Output nothing except the lines from the one containing "A23---lyle () scott---JN921NERO_1_P.JPG" through the final line of the data, both included, typed exactly, minus the pictures.

══ SOURCE INFORMATION

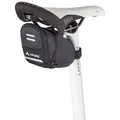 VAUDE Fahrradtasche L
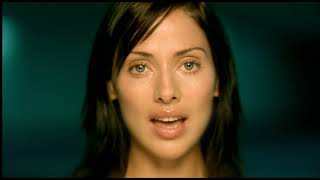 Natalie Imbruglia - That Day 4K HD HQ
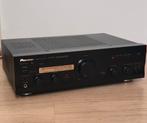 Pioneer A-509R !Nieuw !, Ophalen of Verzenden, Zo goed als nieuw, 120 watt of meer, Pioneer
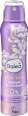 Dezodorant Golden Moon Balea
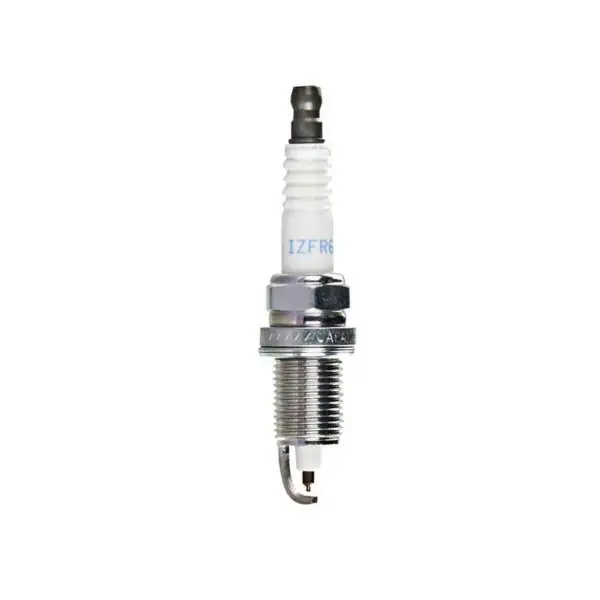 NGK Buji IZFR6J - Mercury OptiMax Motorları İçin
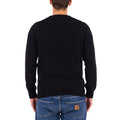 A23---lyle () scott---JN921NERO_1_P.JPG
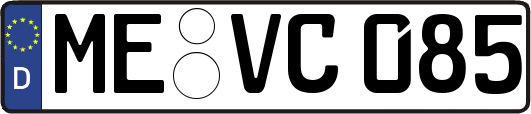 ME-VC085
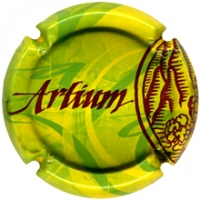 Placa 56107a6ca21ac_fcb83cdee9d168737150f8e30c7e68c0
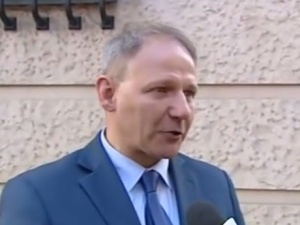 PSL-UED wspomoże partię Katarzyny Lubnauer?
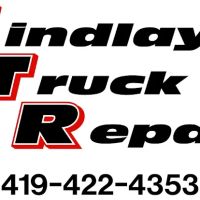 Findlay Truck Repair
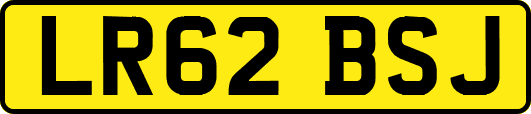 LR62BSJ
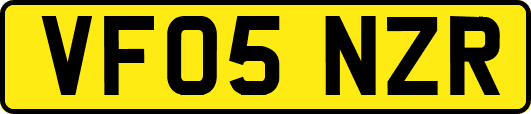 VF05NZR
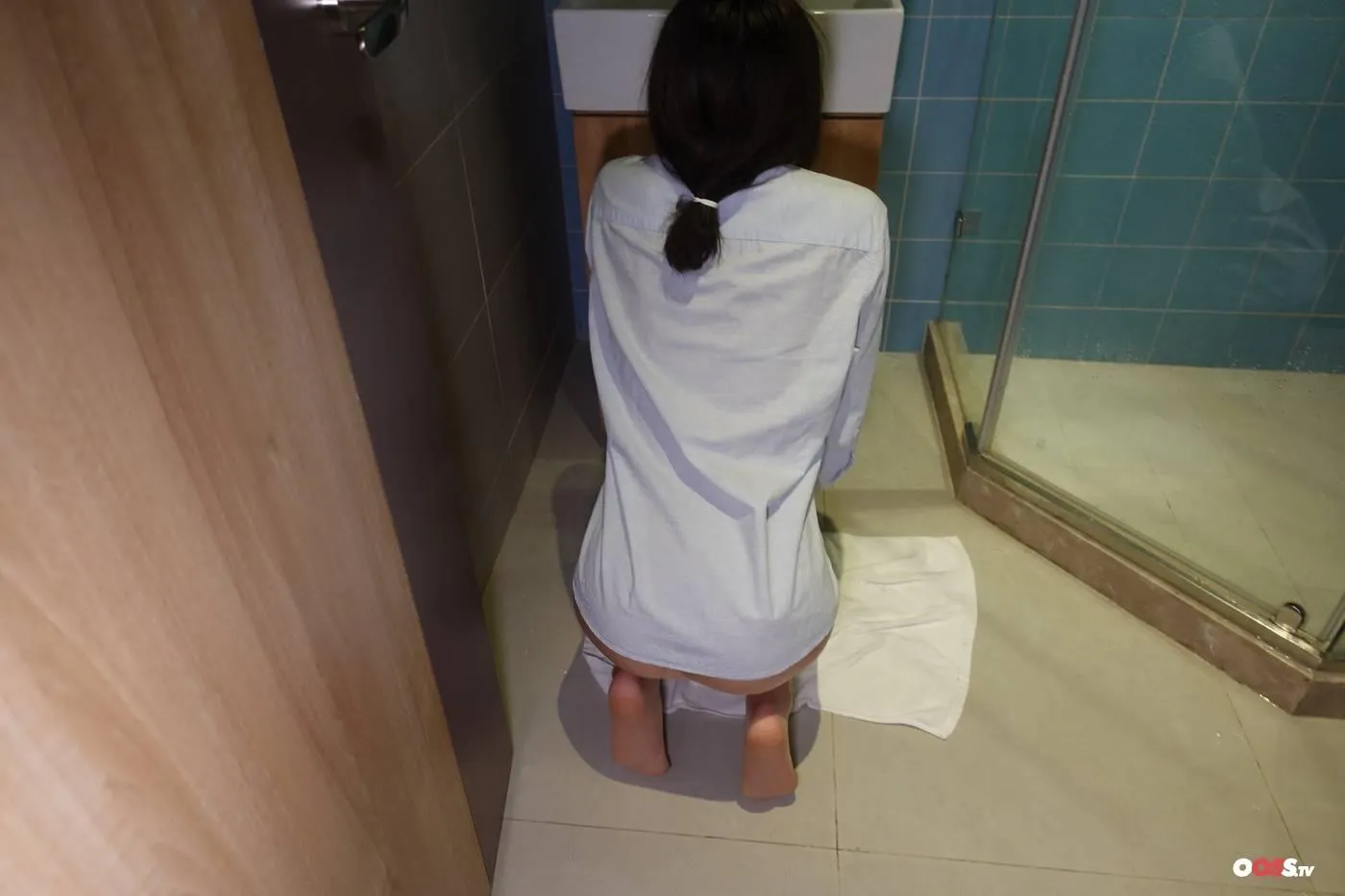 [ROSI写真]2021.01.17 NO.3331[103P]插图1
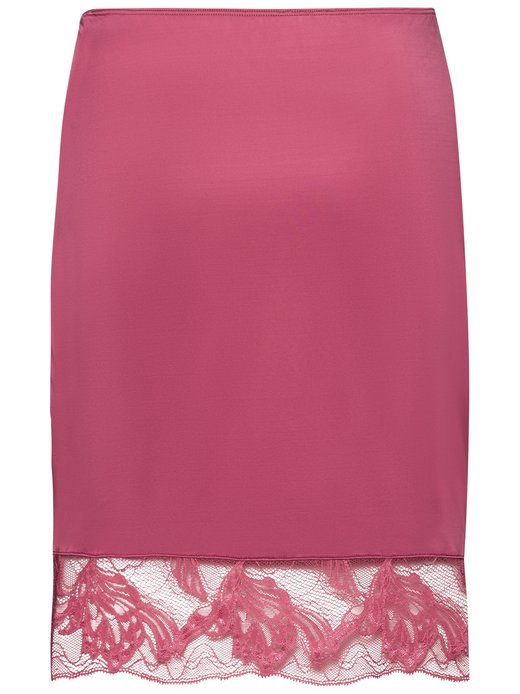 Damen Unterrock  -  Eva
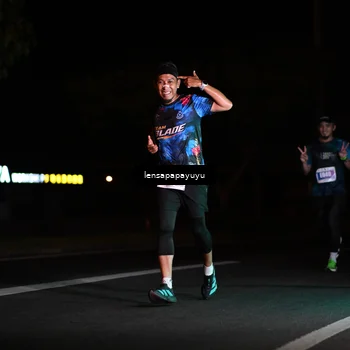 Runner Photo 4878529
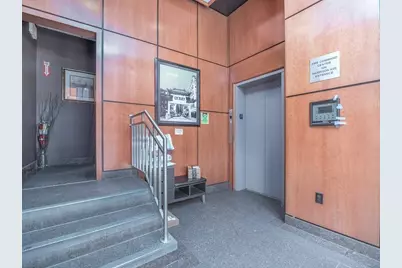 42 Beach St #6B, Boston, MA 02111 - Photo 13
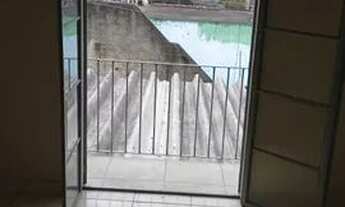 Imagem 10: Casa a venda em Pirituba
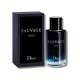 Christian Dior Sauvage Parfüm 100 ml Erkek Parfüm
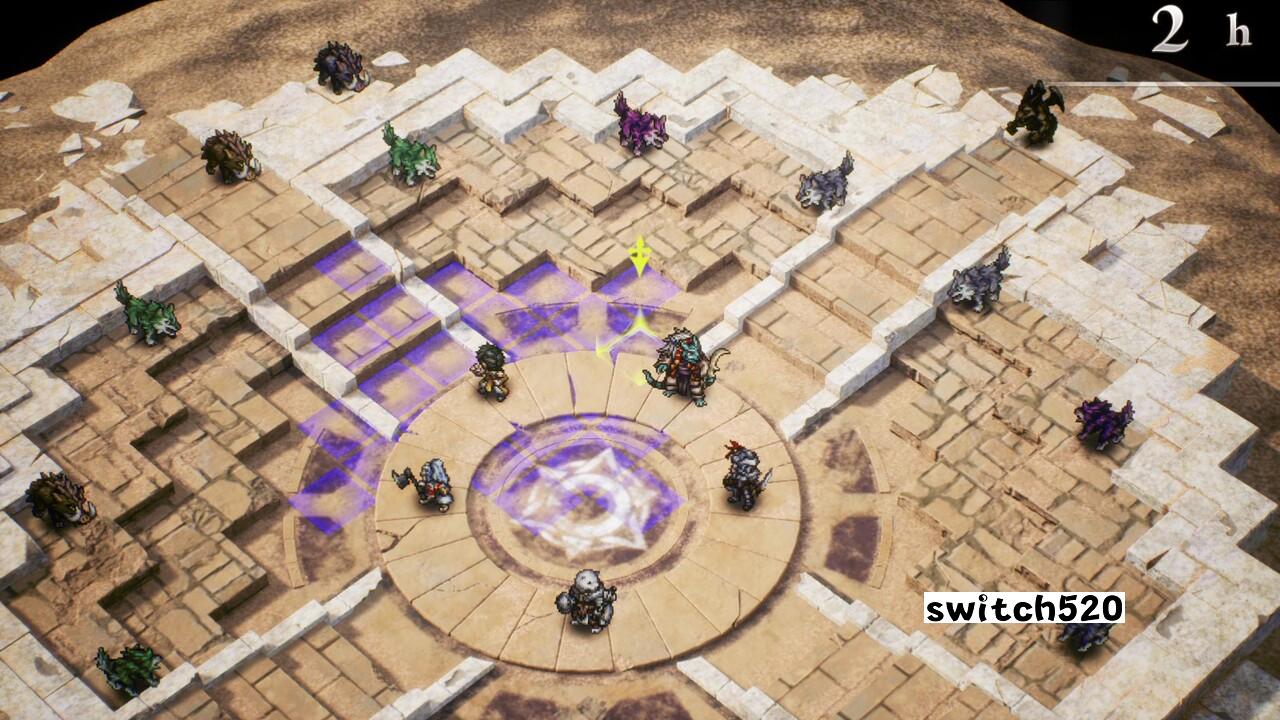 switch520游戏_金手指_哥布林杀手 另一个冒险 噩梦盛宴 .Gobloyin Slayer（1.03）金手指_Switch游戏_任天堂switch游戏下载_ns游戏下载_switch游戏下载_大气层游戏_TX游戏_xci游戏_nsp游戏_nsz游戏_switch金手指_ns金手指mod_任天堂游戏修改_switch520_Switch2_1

════

▶ _RESULT_:
 A23---lyle () scott---JN921NERO_1_P.JPG
 ME-VC085
 Placa 56107a6ca21ac_fcb83cdee9d168737150f8e30c7e68c0
 PSL-UED wspomoże partię Katarzyny Lubnauer?
 Findlay Truck Repair
 LR62BSJ
 VF05NZR
 [ROSI写真]2021.01.17 NO.3331[103P]插图1
 Damen Unterrock  -  Eva
 Runner Photo 4878529
 42 Beach St #6B, Boston, MA 02111 - Photo 13
 Imagem 10: Casa a venda em Pirituba
 Christian Dior Sauvage Parfüm 100 ml Erkek Parfüm
 switch520游戏_金手指_哥布林杀手 另一个冒险 噩梦盛宴 .Gobloyin Slayer（1.03）金手指_Switch游戏_任天堂switch游戏下载_ns游戏下载_switch游戏下载_大气层游戏_TX游戏_xci游戏_nsp游戏_nsz游戏_switch金手指_ns金手指mod_任天堂游戏修改_switch520_Switch2_1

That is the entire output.